____ Records to process

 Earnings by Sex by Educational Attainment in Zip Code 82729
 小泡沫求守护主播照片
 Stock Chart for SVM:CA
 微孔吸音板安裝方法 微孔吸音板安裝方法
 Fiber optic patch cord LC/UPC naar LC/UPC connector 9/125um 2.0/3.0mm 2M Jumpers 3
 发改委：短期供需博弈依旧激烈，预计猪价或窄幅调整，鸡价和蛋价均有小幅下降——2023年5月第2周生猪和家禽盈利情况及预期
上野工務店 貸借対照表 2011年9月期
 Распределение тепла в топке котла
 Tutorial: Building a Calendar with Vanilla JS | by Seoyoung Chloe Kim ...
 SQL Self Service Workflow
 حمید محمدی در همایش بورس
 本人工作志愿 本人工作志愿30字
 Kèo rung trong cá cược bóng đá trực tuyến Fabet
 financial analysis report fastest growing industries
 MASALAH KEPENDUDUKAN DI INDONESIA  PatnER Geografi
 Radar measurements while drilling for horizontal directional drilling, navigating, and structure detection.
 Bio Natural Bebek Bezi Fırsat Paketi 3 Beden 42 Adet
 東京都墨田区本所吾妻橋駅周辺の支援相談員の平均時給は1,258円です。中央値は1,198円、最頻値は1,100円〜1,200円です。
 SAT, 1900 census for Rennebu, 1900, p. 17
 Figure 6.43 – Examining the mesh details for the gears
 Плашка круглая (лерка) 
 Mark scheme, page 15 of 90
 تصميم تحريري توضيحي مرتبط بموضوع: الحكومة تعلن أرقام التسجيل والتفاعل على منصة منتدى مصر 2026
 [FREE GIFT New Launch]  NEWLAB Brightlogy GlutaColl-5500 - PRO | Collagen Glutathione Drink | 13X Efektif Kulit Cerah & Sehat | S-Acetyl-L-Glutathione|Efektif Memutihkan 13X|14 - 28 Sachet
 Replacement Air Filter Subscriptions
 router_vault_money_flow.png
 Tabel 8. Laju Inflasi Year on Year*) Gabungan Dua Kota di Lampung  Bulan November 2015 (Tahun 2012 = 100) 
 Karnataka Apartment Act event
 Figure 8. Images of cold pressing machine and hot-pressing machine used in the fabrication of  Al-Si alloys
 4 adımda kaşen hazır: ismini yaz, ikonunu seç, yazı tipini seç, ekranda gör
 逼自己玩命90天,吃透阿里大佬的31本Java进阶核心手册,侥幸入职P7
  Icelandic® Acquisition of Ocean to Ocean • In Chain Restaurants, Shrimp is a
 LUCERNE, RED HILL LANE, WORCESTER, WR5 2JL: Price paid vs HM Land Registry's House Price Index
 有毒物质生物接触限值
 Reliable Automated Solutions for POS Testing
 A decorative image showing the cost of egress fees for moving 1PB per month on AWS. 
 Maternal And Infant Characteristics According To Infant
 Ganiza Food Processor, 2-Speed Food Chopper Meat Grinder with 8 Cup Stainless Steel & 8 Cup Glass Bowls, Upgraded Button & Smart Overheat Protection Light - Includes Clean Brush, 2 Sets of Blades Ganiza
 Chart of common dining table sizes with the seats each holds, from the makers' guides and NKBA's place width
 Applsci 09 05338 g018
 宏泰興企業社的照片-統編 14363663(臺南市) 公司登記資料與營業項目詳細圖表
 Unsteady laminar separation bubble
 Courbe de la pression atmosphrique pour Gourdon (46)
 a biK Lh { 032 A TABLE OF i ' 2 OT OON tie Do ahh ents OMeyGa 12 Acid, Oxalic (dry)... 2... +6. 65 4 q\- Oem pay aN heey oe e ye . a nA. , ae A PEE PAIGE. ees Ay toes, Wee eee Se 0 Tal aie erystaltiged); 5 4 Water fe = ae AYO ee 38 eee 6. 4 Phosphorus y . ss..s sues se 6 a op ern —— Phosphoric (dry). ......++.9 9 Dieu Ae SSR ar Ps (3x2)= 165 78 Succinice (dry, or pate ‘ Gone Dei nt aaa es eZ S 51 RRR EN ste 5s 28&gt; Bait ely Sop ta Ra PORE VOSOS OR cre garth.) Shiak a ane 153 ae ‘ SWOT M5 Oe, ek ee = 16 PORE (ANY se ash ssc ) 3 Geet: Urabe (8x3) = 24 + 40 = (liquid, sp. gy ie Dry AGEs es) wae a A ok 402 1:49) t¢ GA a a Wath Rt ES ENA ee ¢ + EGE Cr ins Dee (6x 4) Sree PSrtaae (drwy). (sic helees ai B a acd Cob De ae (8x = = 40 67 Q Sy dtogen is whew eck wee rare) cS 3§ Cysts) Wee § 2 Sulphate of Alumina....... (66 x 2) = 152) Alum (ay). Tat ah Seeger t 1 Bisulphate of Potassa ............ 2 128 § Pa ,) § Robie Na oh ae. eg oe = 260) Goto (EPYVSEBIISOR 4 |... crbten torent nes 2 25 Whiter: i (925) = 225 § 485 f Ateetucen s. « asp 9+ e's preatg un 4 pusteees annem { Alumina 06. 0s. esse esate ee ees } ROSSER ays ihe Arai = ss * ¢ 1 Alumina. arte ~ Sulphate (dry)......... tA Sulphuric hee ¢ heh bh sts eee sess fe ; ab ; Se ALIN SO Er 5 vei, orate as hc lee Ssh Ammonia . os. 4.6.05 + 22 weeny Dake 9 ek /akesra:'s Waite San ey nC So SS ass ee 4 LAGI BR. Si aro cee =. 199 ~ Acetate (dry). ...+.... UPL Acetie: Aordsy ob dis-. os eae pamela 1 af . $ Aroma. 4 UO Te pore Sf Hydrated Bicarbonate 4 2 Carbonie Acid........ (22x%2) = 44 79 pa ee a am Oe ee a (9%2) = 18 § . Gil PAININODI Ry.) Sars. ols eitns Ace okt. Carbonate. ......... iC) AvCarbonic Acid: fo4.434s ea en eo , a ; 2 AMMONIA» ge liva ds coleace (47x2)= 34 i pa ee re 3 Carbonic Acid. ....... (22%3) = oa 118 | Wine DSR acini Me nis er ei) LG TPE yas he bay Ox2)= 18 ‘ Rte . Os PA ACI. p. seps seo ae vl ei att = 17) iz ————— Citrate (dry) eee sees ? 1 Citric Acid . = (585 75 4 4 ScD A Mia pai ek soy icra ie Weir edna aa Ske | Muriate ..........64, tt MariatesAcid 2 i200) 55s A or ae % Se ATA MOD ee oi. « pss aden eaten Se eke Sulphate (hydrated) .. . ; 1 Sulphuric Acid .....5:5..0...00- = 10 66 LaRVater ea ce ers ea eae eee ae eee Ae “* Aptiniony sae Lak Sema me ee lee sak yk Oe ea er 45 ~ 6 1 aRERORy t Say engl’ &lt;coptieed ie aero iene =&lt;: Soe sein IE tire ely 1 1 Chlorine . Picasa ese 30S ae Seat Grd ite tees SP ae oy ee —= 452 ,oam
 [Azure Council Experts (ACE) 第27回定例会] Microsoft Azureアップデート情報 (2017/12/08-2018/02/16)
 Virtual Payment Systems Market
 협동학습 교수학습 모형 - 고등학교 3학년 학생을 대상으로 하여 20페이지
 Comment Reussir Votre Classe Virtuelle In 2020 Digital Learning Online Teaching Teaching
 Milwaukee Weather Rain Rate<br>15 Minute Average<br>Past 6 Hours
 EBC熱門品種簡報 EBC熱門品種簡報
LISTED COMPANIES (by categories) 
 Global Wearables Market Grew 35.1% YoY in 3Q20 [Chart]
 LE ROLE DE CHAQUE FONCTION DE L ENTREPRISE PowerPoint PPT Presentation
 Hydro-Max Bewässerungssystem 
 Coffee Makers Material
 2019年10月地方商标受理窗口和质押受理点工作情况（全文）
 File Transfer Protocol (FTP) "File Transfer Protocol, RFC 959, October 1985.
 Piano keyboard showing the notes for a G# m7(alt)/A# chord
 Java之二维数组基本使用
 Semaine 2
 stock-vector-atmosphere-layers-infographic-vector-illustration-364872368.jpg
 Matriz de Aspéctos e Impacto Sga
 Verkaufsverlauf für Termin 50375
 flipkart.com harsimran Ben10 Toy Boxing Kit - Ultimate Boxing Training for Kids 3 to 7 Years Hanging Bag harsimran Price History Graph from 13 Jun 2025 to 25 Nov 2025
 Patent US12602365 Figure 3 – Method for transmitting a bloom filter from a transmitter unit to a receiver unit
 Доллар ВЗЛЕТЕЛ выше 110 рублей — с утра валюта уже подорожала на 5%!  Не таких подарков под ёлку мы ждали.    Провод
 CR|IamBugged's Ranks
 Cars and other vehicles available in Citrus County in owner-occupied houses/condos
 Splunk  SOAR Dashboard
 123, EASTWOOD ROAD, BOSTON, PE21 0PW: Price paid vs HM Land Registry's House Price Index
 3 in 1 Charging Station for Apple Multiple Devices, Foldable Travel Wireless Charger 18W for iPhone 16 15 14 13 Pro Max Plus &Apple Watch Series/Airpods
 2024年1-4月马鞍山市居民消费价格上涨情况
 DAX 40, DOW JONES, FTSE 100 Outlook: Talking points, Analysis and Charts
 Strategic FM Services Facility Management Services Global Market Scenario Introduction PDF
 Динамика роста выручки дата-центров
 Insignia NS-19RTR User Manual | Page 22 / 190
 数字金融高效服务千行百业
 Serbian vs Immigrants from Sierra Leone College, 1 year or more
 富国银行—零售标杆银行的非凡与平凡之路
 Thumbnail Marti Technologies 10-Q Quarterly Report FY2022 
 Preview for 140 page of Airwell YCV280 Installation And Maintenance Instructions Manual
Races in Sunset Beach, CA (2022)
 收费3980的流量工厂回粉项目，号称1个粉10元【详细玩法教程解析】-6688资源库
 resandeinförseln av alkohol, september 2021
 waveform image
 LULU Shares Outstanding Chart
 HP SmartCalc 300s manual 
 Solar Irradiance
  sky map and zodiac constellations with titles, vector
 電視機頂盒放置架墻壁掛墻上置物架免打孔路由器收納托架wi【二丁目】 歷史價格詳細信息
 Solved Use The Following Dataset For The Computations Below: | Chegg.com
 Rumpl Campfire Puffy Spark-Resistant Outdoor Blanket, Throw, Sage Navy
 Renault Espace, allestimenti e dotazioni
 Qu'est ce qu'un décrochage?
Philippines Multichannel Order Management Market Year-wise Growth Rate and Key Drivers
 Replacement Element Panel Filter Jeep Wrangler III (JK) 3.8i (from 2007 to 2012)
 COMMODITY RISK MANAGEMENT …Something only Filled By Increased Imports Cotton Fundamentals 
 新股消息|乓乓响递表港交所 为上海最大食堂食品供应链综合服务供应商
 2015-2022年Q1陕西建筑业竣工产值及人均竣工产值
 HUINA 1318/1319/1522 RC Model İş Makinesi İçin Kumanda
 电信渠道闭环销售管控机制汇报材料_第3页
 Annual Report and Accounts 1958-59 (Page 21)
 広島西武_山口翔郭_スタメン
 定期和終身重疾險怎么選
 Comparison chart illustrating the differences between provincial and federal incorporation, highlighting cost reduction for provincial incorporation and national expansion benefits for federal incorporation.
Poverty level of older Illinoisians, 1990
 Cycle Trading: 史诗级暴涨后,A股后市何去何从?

________

### Task goal
Going through the entries above, show each line that contains "paid".

### Response below
 LUCERNE, RED HILL LANE, WORCESTER, WR5 2JL: Price paid vs HM Land Registry's House Price Index
 123, EASTWOOD ROAD, BOSTON, PE21 0PW: Price paid vs HM Land Registry's House Price Index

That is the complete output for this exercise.